Tak hanya Githa, seluruh tamu pun tercengang dengan tindakan Fandi barusan. Begitu juga dengan seluruh keluarga besar, baik dari pihak Fandi maupun Hilda. Semuanya tak bersuara, hingga suara tegas Fandi terdengar membuat semua orang seperti tertarik kembali ke kenyataan saat ini.
"Dhadapan kalian semua, saya Fandi Gentala Dierja memutuskan pertunangan dengan Hilda Agustin Miranti. Dan saya memilih melanjutkan pertunangan dengan Diandra Putri Katrina."
Fandi mengeluarkan cincin dari kantong celana, cincin cantik dengan bentuk seperti rantai berwarna silver. Cincin tersebut tampak manis dengan hiasan berlian disetiap sudut rantainya. Sederhana, namun sangat cantik dan elegan.

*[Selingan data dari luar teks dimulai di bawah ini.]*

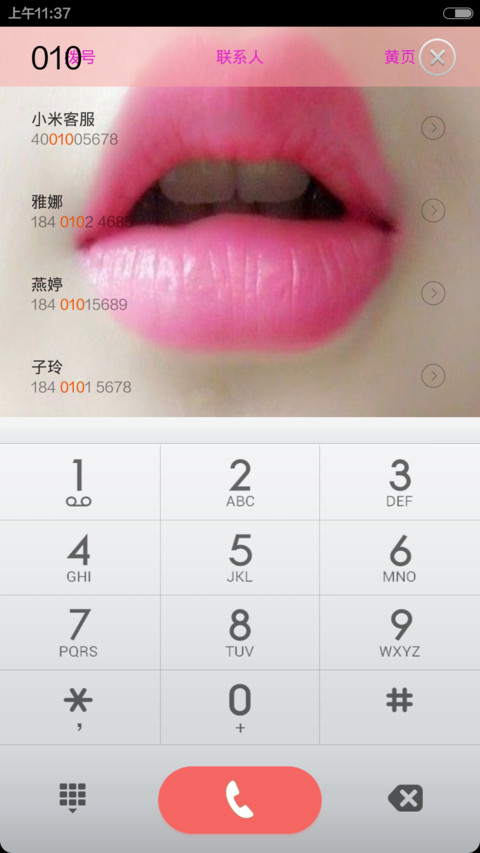 我嘴美（密码爱你一生三锁屏自由桌面） screenshot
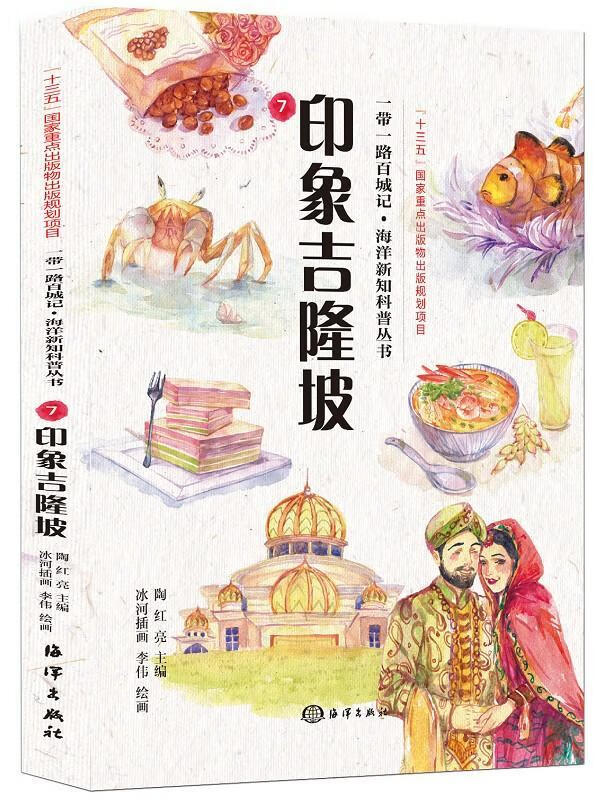 印象吉隆坡旅游/地图吉隆坡概况小学生图书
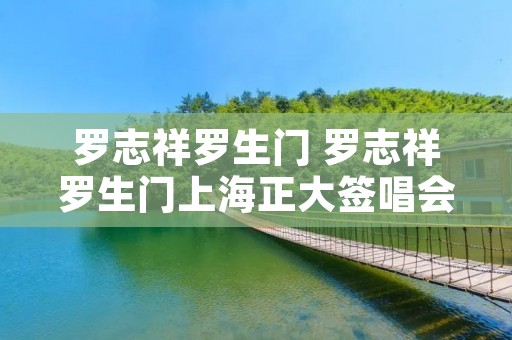 罗志祥罗生门 罗志祥罗生门上海正大签唱会 罗志祥罗生门 罗志祥罗生门上海正大签唱会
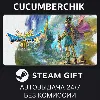 Купить DRAGON QUEST III HD-2D Remake ✅ STEAM GIFT AUTO ✅ RU+МИР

Tak terima dengan ucapan Fandi, Hilda berdiri dan mencoba menyerang Diandra yang berjarak beberapa meter darinya. Hilda mengambil kursi yang paling dekat dan bersiap melempar kursi tersebut kearah Diandra dan Fandi. Hal tersebut membuat beberapa tamu berteriak kaget, pihak keluarga Hilda pun mencoba menghalangi Hilda. Ayah Hilda maju lalu menampar pipi putrinya dengan keras, membuat Hilda terhuyung dan hampir saja jatuh jika tidak dipegangi oleh sanak saudaranya.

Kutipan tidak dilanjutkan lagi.